§ What you should do
Return all records exactly. Nothing may be added.

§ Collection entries
==*==

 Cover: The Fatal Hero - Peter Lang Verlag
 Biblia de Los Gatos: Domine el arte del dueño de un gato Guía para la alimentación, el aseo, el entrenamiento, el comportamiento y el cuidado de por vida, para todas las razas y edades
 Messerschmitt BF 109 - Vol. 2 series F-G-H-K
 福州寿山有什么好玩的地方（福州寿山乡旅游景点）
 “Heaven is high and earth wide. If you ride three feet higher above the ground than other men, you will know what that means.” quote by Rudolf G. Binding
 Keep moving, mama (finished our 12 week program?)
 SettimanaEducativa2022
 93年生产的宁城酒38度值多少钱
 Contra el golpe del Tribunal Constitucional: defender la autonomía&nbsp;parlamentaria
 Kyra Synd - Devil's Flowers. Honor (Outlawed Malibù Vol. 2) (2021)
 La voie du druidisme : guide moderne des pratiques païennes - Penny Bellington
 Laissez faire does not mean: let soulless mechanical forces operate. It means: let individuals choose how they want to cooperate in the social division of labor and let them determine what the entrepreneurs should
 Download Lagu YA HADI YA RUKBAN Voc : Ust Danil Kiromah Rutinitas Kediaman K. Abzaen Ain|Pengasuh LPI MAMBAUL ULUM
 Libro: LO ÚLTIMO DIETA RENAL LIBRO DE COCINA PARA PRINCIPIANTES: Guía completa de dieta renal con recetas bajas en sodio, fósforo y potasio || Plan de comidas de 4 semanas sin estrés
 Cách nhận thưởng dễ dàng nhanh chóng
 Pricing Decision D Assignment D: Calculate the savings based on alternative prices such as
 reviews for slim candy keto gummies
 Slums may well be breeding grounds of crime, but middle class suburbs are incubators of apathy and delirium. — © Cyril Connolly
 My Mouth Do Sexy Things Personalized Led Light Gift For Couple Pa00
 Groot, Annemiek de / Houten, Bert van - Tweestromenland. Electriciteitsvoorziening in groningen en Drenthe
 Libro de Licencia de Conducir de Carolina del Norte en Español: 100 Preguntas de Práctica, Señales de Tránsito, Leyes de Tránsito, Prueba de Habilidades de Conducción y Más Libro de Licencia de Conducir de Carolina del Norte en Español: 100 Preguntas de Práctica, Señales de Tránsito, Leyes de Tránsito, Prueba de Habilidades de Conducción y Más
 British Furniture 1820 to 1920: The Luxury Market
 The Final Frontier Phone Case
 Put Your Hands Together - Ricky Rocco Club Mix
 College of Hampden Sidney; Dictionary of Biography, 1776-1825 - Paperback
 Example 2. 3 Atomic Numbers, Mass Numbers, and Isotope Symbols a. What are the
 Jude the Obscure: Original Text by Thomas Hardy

==*==

§ Task result
 Cover: The Fatal Hero - Peter Lang Verlag
 Biblia de Los Gatos: Domine el arte del dueño de un gato Guía para la alimentación, el aseo, el entrenamiento, el comportamiento y el cuidado de por vida, para todas las razas y edades
 Messerschmitt BF 109 - Vol. 2 series F-G-H-K
 福州寿山有什么好玩的地方（福州寿山乡旅游景点）
 “Heaven is high and earth wide. If you ride three feet higher above the ground than other men, you will know what that means.” quote by Rudolf G. Binding
 Keep moving, mama (finished our 12 week program?)
 SettimanaEducativa2022
 93年生产的宁城酒38度值多少钱
 Contra el golpe del Tribunal Constitucional: defender la autonomía&nbsp;parlamentaria
 Kyra Synd - Devil's Flowers. Honor (Outlawed Malibù Vol. 2) (2021)
 La voie du druidisme : guide moderne des pratiques païennes - Penny Bellington
 Laissez faire does not mean: let soulless mechanical forces operate. It means: let individuals choose how they want to cooperate in the social division of labor and let them determine what the entrepreneurs should
 Download Lagu YA HADI YA RUKBAN Voc : Ust Danil Kiromah Rutinitas Kediaman K. Abzaen Ain|Pengasuh LPI MAMBAUL ULUM
 Libro: LO ÚLTIMO DIETA RENAL LIBRO DE COCINA PARA PRINCIPIANTES: Guía completa de dieta renal con recetas bajas en sodio, fósforo y potasio || Plan de comidas de 4 semanas sin estrés
 Cách nhận thưởng dễ dàng nhanh chóng
 Pricing Decision D Assignment D: Calculate the savings based on alternative prices such as
 reviews for slim candy keto gummies
 Slums may well be breeding grounds of crime, but middle class suburbs are incubators of apathy and delirium. — © Cyril Connolly
 My Mouth Do Sexy Things Personalized Led Light Gift For Couple Pa00
 Groot, Annemiek de / Houten, Bert van - Tweestromenland. Electriciteitsvoorziening in groningen en Drenthe
 Libro de Licencia de Conducir de Carolina del Norte en Español: 100 Preguntas de Práctica, Señales de Tránsito, Leyes de Tránsito, Prueba de Habilidades de Conducción y Más Libro de Licencia de Conducir de Carolina del Norte en Español: 100 Preguntas de Práctica, Señales de Tránsito, Leyes de Tránsito, Prueba de Habilidades de Conducción y Más
 British Furniture 1820 to 1920: The Luxury Market
 The Final Frontier Phone Case
 Put Your Hands Together - Ricky Rocco Club Mix
 College of Hampden Sidney; Dictionary of Biography, 1776-1825 - Paperback
 Example 2. 3 Atomic Numbers, Mass Numbers, and Isotope Symbols a. What are the
 Jude the Obscure: Original Text by Thomas Hardy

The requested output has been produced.